By Michael Block
In Tyler Andrew Jones’ The Marks You Leave, estranged siblings are reunited in New York only to have their familiar bond put to the test. The Marks You Leave is a new kind of queer family drama. Georgette left her family almost a decade ago after coming out. She now lives in the big city with her girlfriend, Maggie. When Georgette's brother Ashler suddenly arrives after an alleged family scuffle, Asher and Maggie try to patch up the past while handling a litany of new problems and discoveries. The Marks You Leave tackles race and sexuality in biting fashion. Though he drops the occasional forced plot point, Jones has a strong foundation. The characters are engaging. The story is relatable. Jones has room to build up. Whether intentionally written for himself or not, Jones plays the role of Asher, the fragile sibling battling family ties and himself. Asher is by far the most captivating of the bunch. How much of a pawn is he?
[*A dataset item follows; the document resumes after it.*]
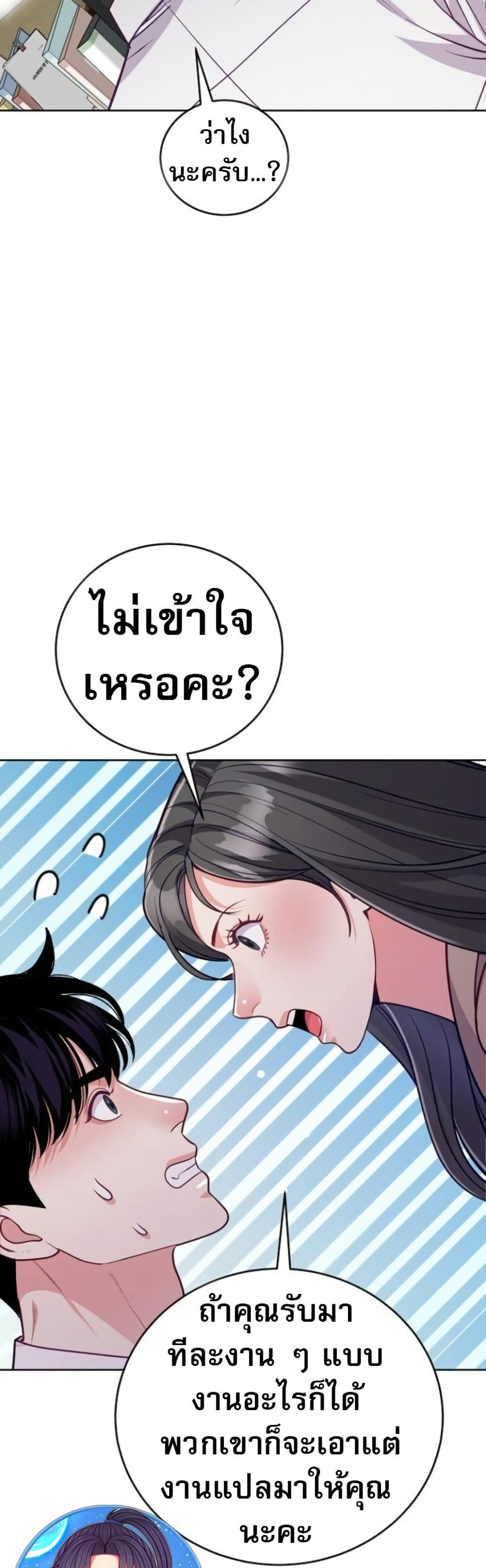 Manga-lc-com อ่านมังงะ อ่านการ์ตูน ออนไลน์ ฟรี An Extraordinary Lawyer’s Subspace ตอนที่ 1 2 3 4 5 6 7 8 9 10 11 12 13 14 ฟรี ไม่มีโฆษณา Manga-lc - อ่าน มังงะ อ่าน การ์ตูน ออนไลน์ อ่านมังงะ ฟรี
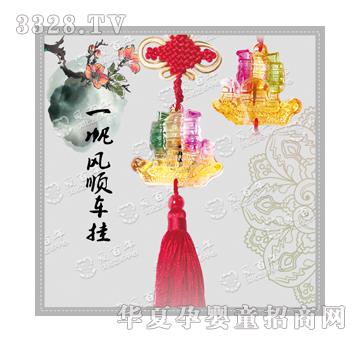 �۰���һ���L�܇��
Does his infatuation with Clark make him gay or is he simply going on a journey of discovery? Jones can undoubtedly expand Asher, as he is the fulcrum of this story. The play is broken into two acts with a lot of information. Jones has some fluff that can be eliminate in order to build some of the other characters and relationships. Especially Maggie. Jones encapsulates a fantastic discussion on labels in sexuality and Maggie is a prime source. Simply inserting a line or two early on about Maggie and her sexual history and preferences will allow the shock value to be earned and not be as puzzling. The other question Jones’ script poses is time. Was year important to the story? Jones drops a reference to the 2011 New York Philharmonic production of Company. It's a very specific reference and if it's not essential, perhaps he can find a less pointed reference.
This was a cast of fighters and lovers. Rebecca Teran was genuine and sweet as Maggie. Even in her bout of betrayal, you understood her, giving her a little pass. Kristina King was a spitfire living in constant turmoil. King's Georgette may have been a lost soul, but her strength came out by the end. Daniel Rowan made Clark a soft sided queer character. Even though sex was a key characteristic, there was more to Rowan's Clark.
The Marks You Leave is a great story. Tyler Andrew Jones has crafted a play worth telling. Over time and revisions, The Marks You Leave can reach the next level.